# How to secure your home, neighborhood or apartment complex from marauders after SHTF



## thomasdangerpowers

Ideas on how your can secure your home, neighborhood or apartment complex from marauders after SHTF


----------



## Targetshooter

most neighborhoods today don't care about " if SHTF " , I liked your post very much , I tried to start a neighborhood watch and it failed " I was even on our HOA board at the time . So were do you go from there ? Bug out when shtf ?


----------



## inceptor

Targetshooter said:


> most neighborhoods today don't care about " if SHTF " , I liked your post very much , I tried to start a neighborhood watch and it failed " I was even on our HOA board at the time . So were do you go from there ? Bug out when shtf ?


Yeah, my neighborhood is the same way. I figure that after it happens, all dynamics changes. It will be your expertise that will help them organize. That's what I figure will happen here. I won't lead but I will help the organization.


----------



## Prepared One

You wont get any organization or even any thought to SHTF until after it happens and then you will know pretty quick who is in and who will be out as far as forming a mutual protection group goes. I have a very, select few, neighbors in mind but only after it is sideways would I approach them.


----------



## Chipper

Be careful who you approach with the subject. You don't want to be the target of desperate sheeple cause they know your prepared and have supplies.


----------



## Targetshooter

I do have a few friends " 10 of us " here that are all in with me , we get together often and chat about things on the news and work on our prepps , one good thing is we do work as a team . So that's a start in my book . We are getting together this Saturday to go over some survival skills " build a fire , target shooting and do some camp fire cooking , ect. " . I wanted more people in , but as I have been doing some thinking , we really don't need any more . " we have 4 that are trained in the Army ,two of them are still in , 2 fire fighters " one is also a EMT " , 2 police officers , one lawyer , one doctor " . I will do a post on how things go this weekend .


----------



## Back Pack Hack

Chipper said:


> Be careful who you approach with the subject. You don't want to be the target of desperate sheeple cause they know your prepared and have supplies.
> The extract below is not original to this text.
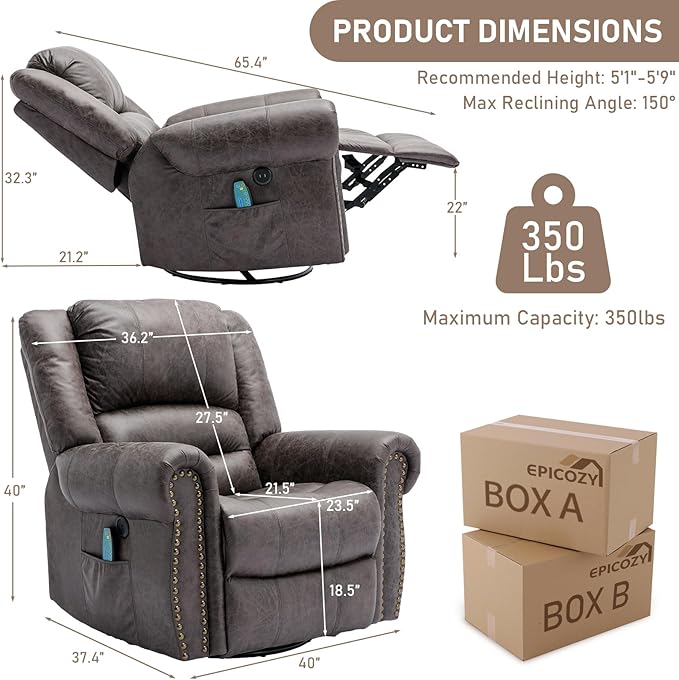 Manual Massage Swivel Rocker Recliner with Heat and Vibration 360° Swivel Glider Rocking Recliner Chair Classic Living Room Lounge Recliners with Side Pockets &amp USB Ports Grey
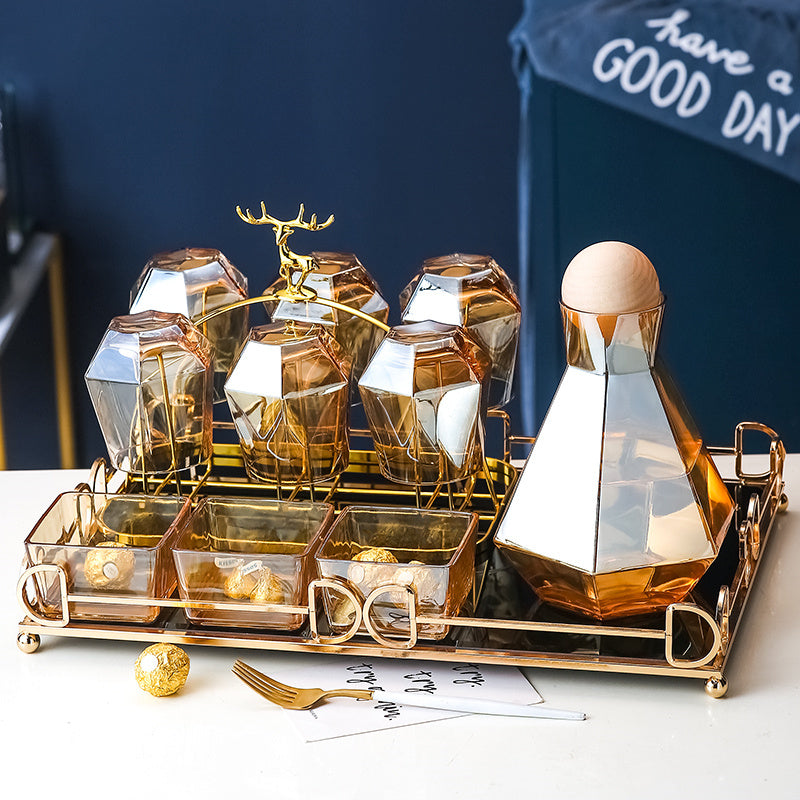 Premium Nordic Glass Amber Cup Set - Creative Living Room Home Decoration Gift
This is why my SOP is to approach no one. Before or after SHTF.


----------



## ND_ponyexpress_

easiest way to secure your neighborhood..... have 3 miles between you and your neighbor...


----------



## AnotherSOFSurvivor

Lots of dynamics on this one, depends on the type of SHTF/EOTWAWKI scenario and on the makeup/pop density of your locale

There are a few things I can think of off the top of my head to take into consideration

Do your own SWOT Analysis - Strengths, Weaknesses, Obstacles and Threats you can encounter for the scope of your defense project, how it stacks up against your locality and who knows what you do/where you are. If you aren't near a Section 8 place, have relatively peaceful/likeminded neighbors and have enough supplies and can forage/hunt/live off the near area (ponds, lakes, streams, near critters) then sweet move on.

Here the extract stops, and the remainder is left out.